For those of you who aren’t aware, last year saw the Supreme Court dismiss a family
provision application that was filed only
10 days past the limitation date in the matter of Mortimer v Lusink & Ors  QSC 119. As you probably would appreciate, this was met with quite a lot of interest in my world. I’m sure there were many practitioners that updated their letters to clients highlighting the importance of the the limitation dates just that little bit more; if that were possible.
On 31 January 2017, the Court of Appeal allowed an appeal against the Supreme Court’s decision in the same matter; Mortimer v Lusink & Ors  QCA 1.
By way of background, the deceased, Loma Narelle Green, was survived by her two children. The deceased left a small bequest to her friend of $50,000 and $20,000 to her daughter, Anita. She left the residual of her estate among her son, Christopher, and her two grandchildren. Her son, Christopher Lusink was the executor of her will and her daughter Anita Mortimer brought a claim against the estate for further provision. The estate was valued at approximately $1.2 million. The executors opposed the application by Anita on the basis that she could not provide adequate explanation for the delay, the estate had already been distributed and her prospects of success weren’t good.
Importantly, the estate was largely comprised of property in Victoria and Anita had originally obtained advice from a NSW legal practitioner. Anita was mistaken as to the time-frame appropriate in the State of Queensland that set out when she must file her application. Accordingly, she was to required to file her proceedings by 4 April 2016 and did not so until 14 April 2016. Prior to her filing her application, Anita had given notice to the executor of the estate of her intention to claim and negotiations were on foot. Notwithstanding this, the executor had distributed the estate prior to Anita filing her application.
In allowing the appeal, the Court said, at paragraphs 60 to 63:
It is open to this Court to re-exercise the discretion under s 41(8). It will do so on the evidence now before the Court and in circumstances where the delay is minimal, not attributable to the appellant herself, and has not caused sufficient prejudice.
The evidential factors to which I have referred in the preceding discussion leads irresistibly to a conclusion that the financial resources available to the appellant are insufficient to meet her needs now and into the future. The bequest to her under the deceased’s will falls well short of that insufficiency.
Whilst an award for further provision for the appellant would not be expected to equate to the totality of the insufficiency in her resources, there is a capacity in the estate for significant further provision to be made for her. The relationship between the appellant and the deceased was not a close one. However, the geographical distances between their places of residence precluded regular physical interaction between them.
In my view, the appellant has advanced an arguable claim for further provision out of the deceased’s estate. It is not a claim that is clearly unlikely to succeed. It cannot be said that it will probably fail. I am therefore satisfied that, in all these circumstances, the discretion under s 41(8) ought to be exercised in the appellant’s favour.
The beneficiaries were required to pay their inheritance back to the estate and the matters is to be sent to the District Court of Queensland for determination of the family provision claim.
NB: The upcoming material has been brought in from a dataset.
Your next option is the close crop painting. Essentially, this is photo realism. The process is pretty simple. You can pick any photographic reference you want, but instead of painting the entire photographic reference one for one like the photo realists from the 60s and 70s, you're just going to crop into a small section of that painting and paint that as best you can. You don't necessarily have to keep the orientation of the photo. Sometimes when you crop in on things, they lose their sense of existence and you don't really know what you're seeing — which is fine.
You can read the case here.
Essential Note: If you have stumbled across this article in your search for information relating to making a claim on estate, please seek legal advice. This information is of a general nature only and should never replace sound legal advice of your situation and circumstances. Each state in Australia has different laws and therefore different requirements when making a claim and the time-frames for doing so.